Her schedule was full, but that wasn’t the problem. Elaine is a high energy person and likes to stay busy. She has a finger in lots of pies and her calendar was getting kind of messy, with all that cherry juice spilled on it.
What she needed was a brain dump.
She wrote out all that she does on a giant sheet of paper, the kind you use for meeting presentations. There were little notes and arrows added here and there. Some of her projects weren’t getting enough attention. In other areas, she felt she was spending too much time and not getting what she wanted.
Elaine described her days to me, what she did, what she needed to do, what she really wanted to do and how she liked working with various clients.
I helped her step back from the forest of her schedule so she could see the individual trees and how they fit together (or didn’t).
I asked her questions that helped her get even more objective about her schedule. Was her lunch break too short? She agreed it was short, but her priority was to be done with work by 3:30 every day to be with her kids. Was it worthwhile to work for a client she had to commute over an hour to? Yes, because she got a steady stream of new clients there.
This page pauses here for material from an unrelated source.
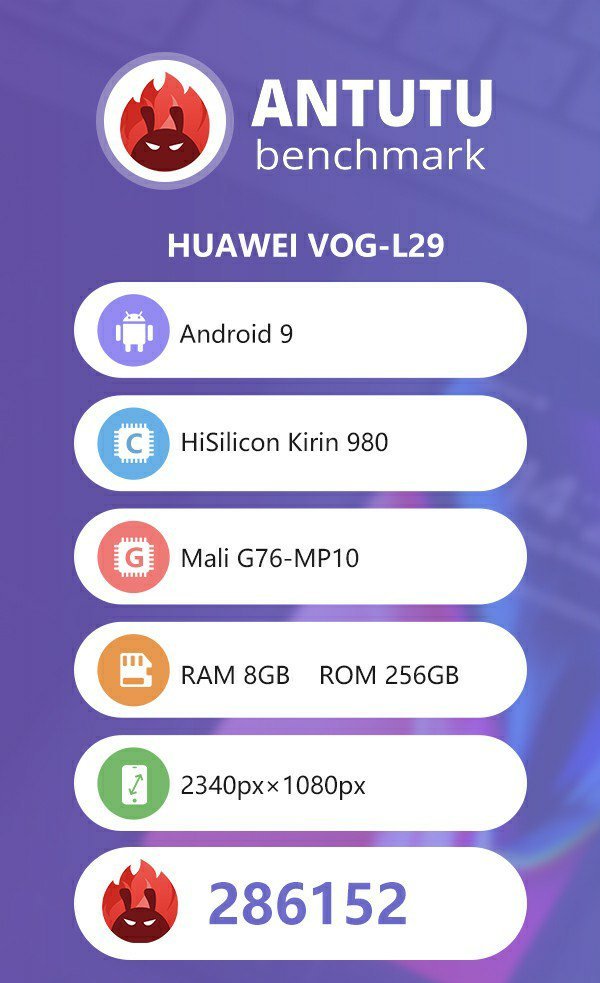 Sau Geekbench, Huawei P30 Pro tiếp tục lộ điểm sức mạnh trên AnTuTu Sau Geekbench, Huawei P30 Pro tiếp tục lộ điểm sức mạnh trên AnTuTu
She was frustrated that one client wanted more from her than she could do in the four hours a week they contracted. We came up with a couple of ideas to get around that, such as writing a proposal for a new program they could offer that would not only help their clients, but would prevent them from being sued (which had happened more than once) and therefore save them money. She has a lot of passion about this topic and is dying to teach it!
These ideas came out of my asking Elaine questions that she hadn’t asked because she was too close to the situation. Why did the client want her to do the extra work? If it was so important, why wasn’t the regular staff doing it? What would happen if it didn’t get done? What would change for the better if it got done?
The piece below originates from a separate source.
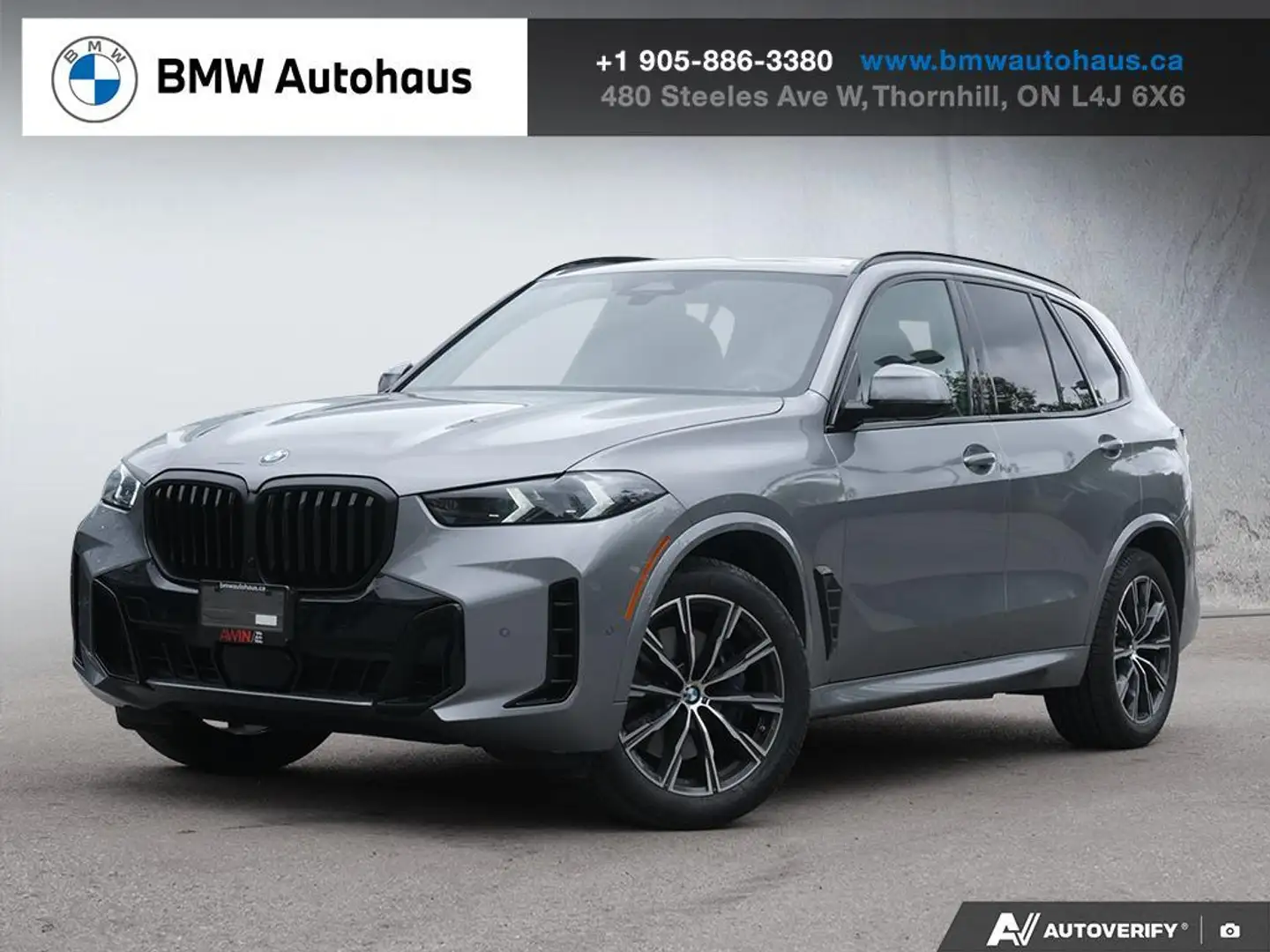 2026 BMW X5 xDrive40i M Sport — photo 1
What’s all this got to do with managing time?
The brain dump helped Elaine see where she was putting in effort that got great results. She could shift time from one area to another to get more bang for her buck. She realized that she was making a conscious decision to use some time in a way that wasn’t wildly productive, but she was happy with it.
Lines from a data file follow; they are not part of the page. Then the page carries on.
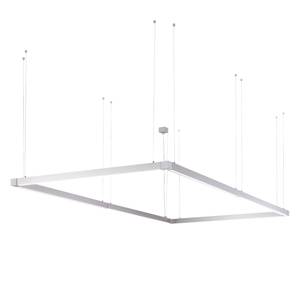 LED-hanglamp Snake I plexiglas / staal - 1 lichtbron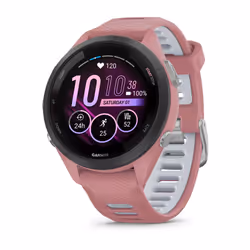 Garmin Forerunner 265S, 2.79 cm (1.1"), AMOLED, Touchscreen, 8 GB, GPS (satellite), 39 g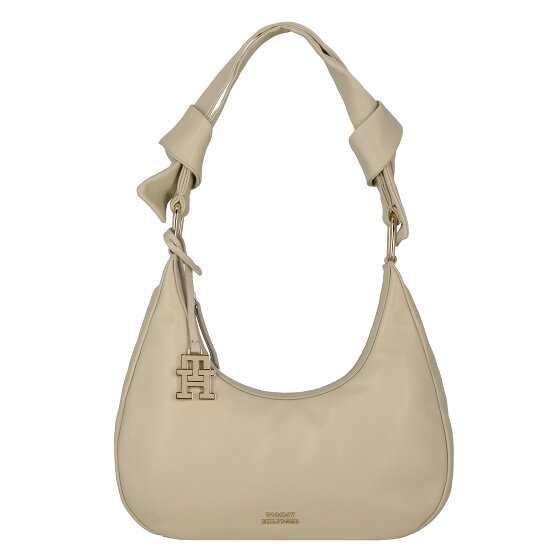 Tommy Hilfiger Pushlock Schultertasche Leder 28 cm Tommy Hilfiger Pushlock Schultertasche Leder 28 cm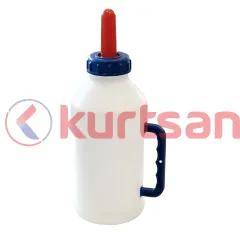 Kurtsan Plastik Buzağı Biberonu 2.5 Litre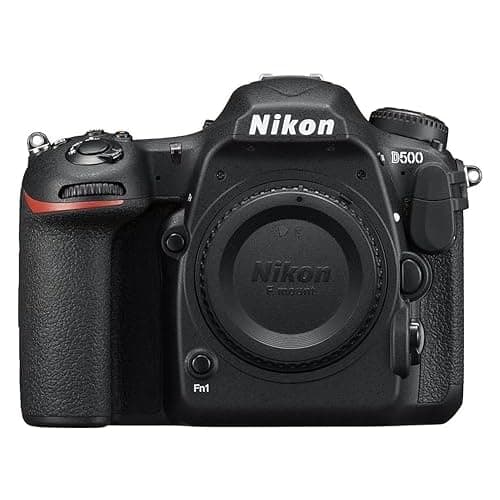 Nikon D500 SLR digital formato DX (solo cuerpo) (reacondicionado)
Elaine knows now where her time is going and why. The point isn’t, in her case, to squeeze the utility out of every single minute, but to be intentional about how she spends her time.
Her decisions about time are connected to how she wants to live her life and accomplish her best work.
That leads to her trusting herself more and feeling confident. Investigating her schedule showed her what really matters to her and how to get more of that. Connecting to what’s meaningful to her gives her a sense of ease and assurance so she can get out there and make things happen.